I know this isn't exactly the same thing, but I think I prefer Doom over Descent and it's probably more of an AmeriTrash game then Descent, which is probably why more Euro esque people prefer Descent over Doom. Especially with the expansion which adds Deathmatch and CTF the conflict just rises up a notch.
Sorry to use Doom as an example of a dungeon crawl, it's obviously not of the same nature as the other games mentioned.

Jonas said...

Forgot to login, I made comments about Doom

Anonymous said...

I look at Dungeon Twister as a step up from the abstracts that my oldest likes to play (like Gobblet), and that will hopefully be a bridge toward more heavily themed games. I've still got Talisman waiting patiently in the basement, so when they're ready, the kids are going to get it sprung on them.

My plan with the C&C games as a gateway into wargaming seems to be working, so I figure that DT will provide a similar bridge.

Unknown said...

mtlawson said...
I've still got Talisman waiting patiently in the basement, so when they're ready, the kids are going to get it sprung on them.
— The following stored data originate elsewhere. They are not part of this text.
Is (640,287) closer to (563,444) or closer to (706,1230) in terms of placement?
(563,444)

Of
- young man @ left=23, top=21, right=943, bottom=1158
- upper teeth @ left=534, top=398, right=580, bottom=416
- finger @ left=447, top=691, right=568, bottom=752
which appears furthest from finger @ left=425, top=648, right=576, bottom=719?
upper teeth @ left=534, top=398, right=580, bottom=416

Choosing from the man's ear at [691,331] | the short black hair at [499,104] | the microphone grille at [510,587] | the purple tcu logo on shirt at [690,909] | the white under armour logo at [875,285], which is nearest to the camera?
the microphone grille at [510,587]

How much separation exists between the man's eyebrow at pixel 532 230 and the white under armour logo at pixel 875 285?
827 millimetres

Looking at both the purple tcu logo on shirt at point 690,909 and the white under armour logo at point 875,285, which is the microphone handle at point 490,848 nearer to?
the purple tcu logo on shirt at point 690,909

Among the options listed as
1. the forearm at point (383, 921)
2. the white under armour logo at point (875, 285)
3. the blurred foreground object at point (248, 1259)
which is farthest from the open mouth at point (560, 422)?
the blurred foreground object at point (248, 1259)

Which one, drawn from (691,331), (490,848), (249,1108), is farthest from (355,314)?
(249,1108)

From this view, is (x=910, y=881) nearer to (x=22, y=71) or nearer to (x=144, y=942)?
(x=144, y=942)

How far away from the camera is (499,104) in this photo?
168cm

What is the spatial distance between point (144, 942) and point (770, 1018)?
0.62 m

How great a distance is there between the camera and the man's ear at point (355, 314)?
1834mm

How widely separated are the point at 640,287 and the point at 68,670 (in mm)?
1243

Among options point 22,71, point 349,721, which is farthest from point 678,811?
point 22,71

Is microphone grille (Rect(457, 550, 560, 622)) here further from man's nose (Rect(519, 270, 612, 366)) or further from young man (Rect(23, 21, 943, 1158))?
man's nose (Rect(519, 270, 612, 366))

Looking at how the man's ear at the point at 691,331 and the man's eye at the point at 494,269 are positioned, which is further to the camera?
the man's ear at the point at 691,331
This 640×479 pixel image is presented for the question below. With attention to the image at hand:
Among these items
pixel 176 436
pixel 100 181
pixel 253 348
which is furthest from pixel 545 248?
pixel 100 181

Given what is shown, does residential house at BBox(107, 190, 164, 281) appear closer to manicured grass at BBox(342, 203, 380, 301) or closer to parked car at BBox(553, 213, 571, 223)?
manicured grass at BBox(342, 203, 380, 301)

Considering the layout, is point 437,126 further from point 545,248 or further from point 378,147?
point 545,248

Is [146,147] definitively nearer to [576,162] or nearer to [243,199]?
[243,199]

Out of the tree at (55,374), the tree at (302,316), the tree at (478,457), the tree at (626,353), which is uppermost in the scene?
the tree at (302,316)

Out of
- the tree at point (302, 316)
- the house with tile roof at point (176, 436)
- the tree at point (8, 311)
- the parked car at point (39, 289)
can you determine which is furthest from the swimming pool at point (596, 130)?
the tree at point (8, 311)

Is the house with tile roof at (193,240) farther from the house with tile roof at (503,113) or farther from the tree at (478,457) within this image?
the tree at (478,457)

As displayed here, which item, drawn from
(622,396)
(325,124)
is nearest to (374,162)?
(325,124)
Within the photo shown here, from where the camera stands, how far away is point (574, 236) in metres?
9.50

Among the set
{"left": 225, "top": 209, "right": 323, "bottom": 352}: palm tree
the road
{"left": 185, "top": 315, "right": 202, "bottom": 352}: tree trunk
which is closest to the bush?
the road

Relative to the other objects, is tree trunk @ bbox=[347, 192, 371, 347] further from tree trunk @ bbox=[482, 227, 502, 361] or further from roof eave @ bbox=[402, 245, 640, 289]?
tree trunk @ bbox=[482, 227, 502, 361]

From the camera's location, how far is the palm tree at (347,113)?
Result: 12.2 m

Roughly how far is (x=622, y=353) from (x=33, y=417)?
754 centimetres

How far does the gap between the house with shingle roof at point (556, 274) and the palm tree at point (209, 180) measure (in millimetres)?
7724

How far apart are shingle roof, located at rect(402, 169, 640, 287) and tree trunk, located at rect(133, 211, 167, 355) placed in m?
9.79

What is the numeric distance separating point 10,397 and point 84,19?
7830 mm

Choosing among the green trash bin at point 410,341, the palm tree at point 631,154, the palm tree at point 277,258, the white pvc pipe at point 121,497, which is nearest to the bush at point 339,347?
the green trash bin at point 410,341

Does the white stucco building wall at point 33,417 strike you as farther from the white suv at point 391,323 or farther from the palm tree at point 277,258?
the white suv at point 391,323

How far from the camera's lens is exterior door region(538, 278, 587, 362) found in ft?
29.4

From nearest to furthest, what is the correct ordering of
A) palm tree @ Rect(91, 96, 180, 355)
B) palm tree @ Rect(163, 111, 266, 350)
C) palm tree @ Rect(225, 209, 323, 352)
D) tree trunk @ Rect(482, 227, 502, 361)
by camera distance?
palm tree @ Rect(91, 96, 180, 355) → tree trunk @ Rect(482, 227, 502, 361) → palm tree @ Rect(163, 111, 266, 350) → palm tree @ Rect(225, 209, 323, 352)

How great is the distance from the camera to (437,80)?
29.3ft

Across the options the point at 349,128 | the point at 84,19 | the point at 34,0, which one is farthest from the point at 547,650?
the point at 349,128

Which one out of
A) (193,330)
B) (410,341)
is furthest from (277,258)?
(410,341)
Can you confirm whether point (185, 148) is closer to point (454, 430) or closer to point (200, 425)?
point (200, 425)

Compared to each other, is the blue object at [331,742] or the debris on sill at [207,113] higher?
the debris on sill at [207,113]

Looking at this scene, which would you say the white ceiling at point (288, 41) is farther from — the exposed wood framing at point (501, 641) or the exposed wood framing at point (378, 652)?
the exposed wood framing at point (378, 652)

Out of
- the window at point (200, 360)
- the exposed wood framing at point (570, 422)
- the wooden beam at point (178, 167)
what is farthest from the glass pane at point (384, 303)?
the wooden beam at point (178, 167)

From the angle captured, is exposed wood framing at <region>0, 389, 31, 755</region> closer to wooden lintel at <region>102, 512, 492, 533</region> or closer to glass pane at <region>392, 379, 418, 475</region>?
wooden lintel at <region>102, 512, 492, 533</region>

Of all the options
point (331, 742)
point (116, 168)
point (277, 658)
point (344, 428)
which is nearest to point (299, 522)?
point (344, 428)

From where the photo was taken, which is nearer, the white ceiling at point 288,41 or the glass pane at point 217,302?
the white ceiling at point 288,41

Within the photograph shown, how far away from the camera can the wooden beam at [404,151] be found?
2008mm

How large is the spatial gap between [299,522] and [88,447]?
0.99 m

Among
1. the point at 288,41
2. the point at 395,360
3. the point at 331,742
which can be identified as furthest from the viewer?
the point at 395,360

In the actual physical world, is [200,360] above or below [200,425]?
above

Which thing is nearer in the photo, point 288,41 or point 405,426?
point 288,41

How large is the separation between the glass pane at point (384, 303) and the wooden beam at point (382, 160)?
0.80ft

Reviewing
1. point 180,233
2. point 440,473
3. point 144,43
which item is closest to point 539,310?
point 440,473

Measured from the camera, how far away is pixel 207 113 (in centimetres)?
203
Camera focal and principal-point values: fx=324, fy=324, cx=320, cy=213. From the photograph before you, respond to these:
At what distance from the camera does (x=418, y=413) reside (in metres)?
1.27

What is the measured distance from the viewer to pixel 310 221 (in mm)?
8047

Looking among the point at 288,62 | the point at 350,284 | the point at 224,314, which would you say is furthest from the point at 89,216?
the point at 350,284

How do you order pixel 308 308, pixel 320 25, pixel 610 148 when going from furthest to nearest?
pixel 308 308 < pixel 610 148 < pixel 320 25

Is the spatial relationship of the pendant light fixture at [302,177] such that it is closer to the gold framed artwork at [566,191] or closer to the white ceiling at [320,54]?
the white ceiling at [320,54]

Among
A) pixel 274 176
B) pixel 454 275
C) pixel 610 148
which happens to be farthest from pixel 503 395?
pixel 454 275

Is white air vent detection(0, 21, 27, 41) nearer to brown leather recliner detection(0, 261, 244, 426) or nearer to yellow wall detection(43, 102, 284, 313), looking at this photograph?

What are you waiting for? My daughter has been playing Talisman since she old enough to read and add.

Mr Skeletor said...

What the hell?
I come here to relax with friends after the latest BGG adventures and what do I find?
A bunch of crotchety old Dungeonquest motherfuckers bashing the greatest dungeoncrawl of all time, descent!
What a pack of fucking moaners. Go play your D&D 3.8 with your friendly dungeon master who makes awsome stories where you can't die, you wimps.
Drakon is an interesting one as to where it fits. It feels like an AT even though on paper it probably shouldn't be. It's certainly amongst the nastiest games I own, and people who don't think it has much player interaction (especially with 2 players) hasn't played the game enough. I love it. Jury is still out on cave troll.
Dungeon Twister should be an AT that just doesn't feel like one.
Overall my votes

Drakon: AT
Dungeon Twister: ???
Descent: AT

Jonas said...

I own Drakon and enjoy it very much. It can be a nasty game especially with certain tiles. I think it plays best with 6 players with 3 vs 3 teams play to 20 gold then everyone on your team has to escape. Another way we have played is 3 vs 3 and if Drakon got anyone your team didn't lose gold but that player was eliminated.
I think the problem that people get into with Drakon is that they expect more out of it, if that makes sense.

Anonymous said...

I'm in the Descent does suck camp. I suspect the big problem with it is the scenarios. The first section is a big room full of monsters. The second section is a big room full of slightly harder to kill monsters. Lather, rinse, repeat.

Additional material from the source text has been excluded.